Sylvia Meltina, a Kenyan woman, says her family can no longer afford regular meals because of rising food and fuel costs. Credit: Peter Kahare/IPS

He was referring to the paucity of discussions on agricultural policies and food security between the heads of state of twenty major industrialised and emerging market economies during their long deliberations on the future of the world economy last week.

Olivier De Schutter, the U.N.’s special rapporteur on the right to food, told IPS, “The food crisis and (questions of) food price volatility were overshadowed by the Greek crisis and the Eurozone crisis.”

But “unless decisive action is taken now, vulnerable populations will grow hungrier, food markets will be increasingly unstable, and the world will remain completely unprepared for the challenge of feeding nine billion people by 2050,” he added.

G20 leaders ended the summit declaring they fully understood that “Promoting agricultural production is the key to feeding the world’s population.”

But Michael Klosson, vice president of policy and humanitarian response at Save the Children stressed to IPS that the problem is not about the quantity of food supplies but the quality.


He regrets the G20 leaders did not agreed on bolder actions, such as collectively promoting the SUN (Scaling Up Nutrition) Movement, already supported by a handful of nations and U.N. agencies since its launch in 2009.

In a nod to the increasingly vociferous movement for food justice and sovereignty, the G20’s final communiqué last Friday promised actions “in the framework of the Action Plan on Food Price Volatility and Agriculture agreed upon by our Ministers of Agriculture in June 2011.”

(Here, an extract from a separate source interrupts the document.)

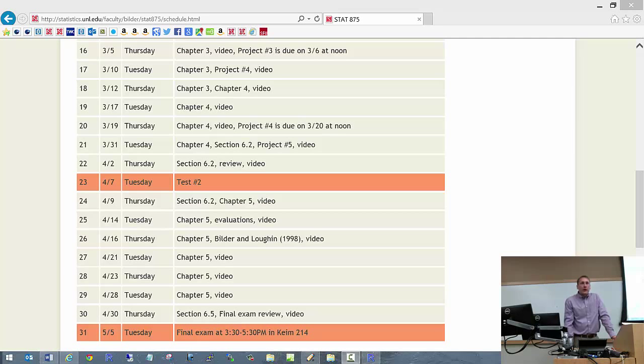Okay, let's get started here. Project Number 3 is due on Friday at noon, and we will continue in Chapter 3 today. Are there any questions?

A key component of the Action Plan is the creation of the Agricultural Market Information System (AMIS), to reinforce transparency in agricultural markets.

Carmel Cahill, senior counsellor of the directorate for trade and agriculture at the Organisation for Economic Cooperation and Development (OECD), believes that AMIS is critically important to prevent the world from enduring food crises as devastating as those in 2008-2009 and 2010.

Indeed, “one of the major deficiencies in 2008-2009 and again in 2010 was a lack of timely or accurate information about the market situation, resulting in hasty and uncoordinated policy decisions,” Cahill told IPS.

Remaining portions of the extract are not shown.